Just when you thought it was safe to go into the water (insert proverbial Jaws theme here) – after the bell S&P was kind enough to downgrade Spain. Futures are down about 0.4% in after hours so we’ll see what tomorrow brings. Everyone knows Spain and Italy are the next in line to get the ‘business’ (as Wally and the Beaver would say it), but when and to what degree before the Germans/ECB relent with an aid package is unknowable. Usually it needs to get very bad before someone comes to the rescue, unlike the U.S. where a 3% correction in markets creates immediate response.
Any rating agency telling us about woes in Spain is not a surprise to anyone – as always it is the reaction to the news, not the news that matters. Unfortunately for those of us who like to sleep, the news cycle is 24 hours a day with U.S. markets hostage to news overseas. As for markets, S&P 1392 is the key level go forward after today’s breakthrough. It will be important to hold in the days ahead.
Zerohedge has the details:
- We believe that the Kingdom of Spain’s budget trajectory will likely deteriorate against a background of economic contraction in contrast withour previous projections.

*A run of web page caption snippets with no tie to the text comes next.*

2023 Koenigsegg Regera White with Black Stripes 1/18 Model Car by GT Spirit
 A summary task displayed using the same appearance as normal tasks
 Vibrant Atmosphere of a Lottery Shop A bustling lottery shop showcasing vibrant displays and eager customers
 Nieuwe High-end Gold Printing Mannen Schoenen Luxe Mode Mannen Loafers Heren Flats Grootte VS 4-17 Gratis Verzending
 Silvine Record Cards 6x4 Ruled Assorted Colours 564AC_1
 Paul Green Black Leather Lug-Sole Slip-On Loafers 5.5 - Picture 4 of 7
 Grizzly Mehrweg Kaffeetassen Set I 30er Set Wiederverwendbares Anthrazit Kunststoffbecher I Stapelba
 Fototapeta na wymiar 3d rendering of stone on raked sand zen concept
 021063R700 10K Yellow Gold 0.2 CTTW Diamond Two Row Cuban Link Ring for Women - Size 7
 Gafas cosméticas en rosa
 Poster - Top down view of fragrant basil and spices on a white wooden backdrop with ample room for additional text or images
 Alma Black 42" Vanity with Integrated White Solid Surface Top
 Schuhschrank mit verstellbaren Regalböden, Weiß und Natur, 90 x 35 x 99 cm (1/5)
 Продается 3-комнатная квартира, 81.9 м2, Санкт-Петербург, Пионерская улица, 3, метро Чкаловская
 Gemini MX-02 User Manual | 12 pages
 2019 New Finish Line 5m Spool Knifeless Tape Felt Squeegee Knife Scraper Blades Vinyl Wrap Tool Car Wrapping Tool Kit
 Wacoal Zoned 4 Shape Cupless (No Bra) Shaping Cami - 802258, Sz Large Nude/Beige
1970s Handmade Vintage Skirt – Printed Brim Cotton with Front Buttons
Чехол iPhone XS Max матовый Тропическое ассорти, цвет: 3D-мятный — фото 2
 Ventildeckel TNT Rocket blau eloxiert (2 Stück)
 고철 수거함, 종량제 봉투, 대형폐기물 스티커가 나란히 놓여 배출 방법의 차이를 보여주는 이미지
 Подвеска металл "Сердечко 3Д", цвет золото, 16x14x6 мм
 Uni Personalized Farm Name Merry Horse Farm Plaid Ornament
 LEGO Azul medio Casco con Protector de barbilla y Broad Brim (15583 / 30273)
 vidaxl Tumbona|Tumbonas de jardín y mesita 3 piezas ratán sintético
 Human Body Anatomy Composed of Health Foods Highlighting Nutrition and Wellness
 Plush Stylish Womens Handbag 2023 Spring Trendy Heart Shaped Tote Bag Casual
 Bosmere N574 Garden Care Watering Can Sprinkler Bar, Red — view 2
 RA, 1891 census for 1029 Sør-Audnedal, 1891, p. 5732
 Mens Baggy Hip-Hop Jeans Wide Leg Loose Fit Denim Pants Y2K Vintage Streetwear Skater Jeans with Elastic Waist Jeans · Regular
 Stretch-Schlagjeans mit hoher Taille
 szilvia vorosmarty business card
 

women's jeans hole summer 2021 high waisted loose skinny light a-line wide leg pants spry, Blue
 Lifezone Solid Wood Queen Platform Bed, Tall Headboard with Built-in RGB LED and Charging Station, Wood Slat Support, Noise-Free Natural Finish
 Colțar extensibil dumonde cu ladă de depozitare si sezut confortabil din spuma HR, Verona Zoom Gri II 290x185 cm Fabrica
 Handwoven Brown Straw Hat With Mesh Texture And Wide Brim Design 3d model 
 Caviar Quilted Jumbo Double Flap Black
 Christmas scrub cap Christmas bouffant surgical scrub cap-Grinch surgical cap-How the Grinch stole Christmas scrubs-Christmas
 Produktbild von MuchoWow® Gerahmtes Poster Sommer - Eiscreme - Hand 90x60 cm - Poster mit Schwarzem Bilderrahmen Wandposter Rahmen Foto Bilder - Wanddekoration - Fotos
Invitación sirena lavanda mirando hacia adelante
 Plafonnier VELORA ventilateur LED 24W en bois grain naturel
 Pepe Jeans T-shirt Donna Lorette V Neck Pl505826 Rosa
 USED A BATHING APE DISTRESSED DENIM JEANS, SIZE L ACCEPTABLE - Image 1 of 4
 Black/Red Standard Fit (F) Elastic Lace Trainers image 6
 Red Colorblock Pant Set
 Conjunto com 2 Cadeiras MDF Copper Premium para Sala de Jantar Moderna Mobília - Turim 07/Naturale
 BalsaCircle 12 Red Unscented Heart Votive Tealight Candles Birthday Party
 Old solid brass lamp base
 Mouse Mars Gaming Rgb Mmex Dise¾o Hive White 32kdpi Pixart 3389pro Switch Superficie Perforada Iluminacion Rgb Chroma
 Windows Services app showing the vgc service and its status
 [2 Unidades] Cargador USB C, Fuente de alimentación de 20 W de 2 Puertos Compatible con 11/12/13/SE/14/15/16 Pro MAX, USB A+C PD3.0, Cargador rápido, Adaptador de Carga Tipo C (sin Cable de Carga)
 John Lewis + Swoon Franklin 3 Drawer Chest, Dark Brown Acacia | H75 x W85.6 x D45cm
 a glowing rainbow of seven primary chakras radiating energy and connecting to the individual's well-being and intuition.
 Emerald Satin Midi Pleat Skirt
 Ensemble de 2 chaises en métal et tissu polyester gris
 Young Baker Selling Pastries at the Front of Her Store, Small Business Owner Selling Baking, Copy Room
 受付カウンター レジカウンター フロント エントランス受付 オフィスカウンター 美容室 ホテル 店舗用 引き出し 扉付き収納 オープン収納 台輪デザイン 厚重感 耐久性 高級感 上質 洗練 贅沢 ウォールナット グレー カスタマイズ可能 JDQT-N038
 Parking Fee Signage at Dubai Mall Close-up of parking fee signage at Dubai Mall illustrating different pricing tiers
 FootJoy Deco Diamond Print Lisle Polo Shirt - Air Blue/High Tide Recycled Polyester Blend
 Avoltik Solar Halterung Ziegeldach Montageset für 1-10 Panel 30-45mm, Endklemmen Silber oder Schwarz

- At the same time, we see an increasing likelihood that Spain’s government will need to provide further fiscal support to the banking sector.
- As a consequence, we believe there are heightened risks that Spain’s net general government debt could rise further.
- We are therefore lowering our long- and short-term sovereign credit ratings on Spain to ‘BBB+/A-2’ from ‘A/A-1’.
- The negative outlook on the long-term rating reflects our view of the significant risks to Spain’s economic growth and budgetary performance, and the impact we believe this will likely have on the sovereign’s creditworthiness.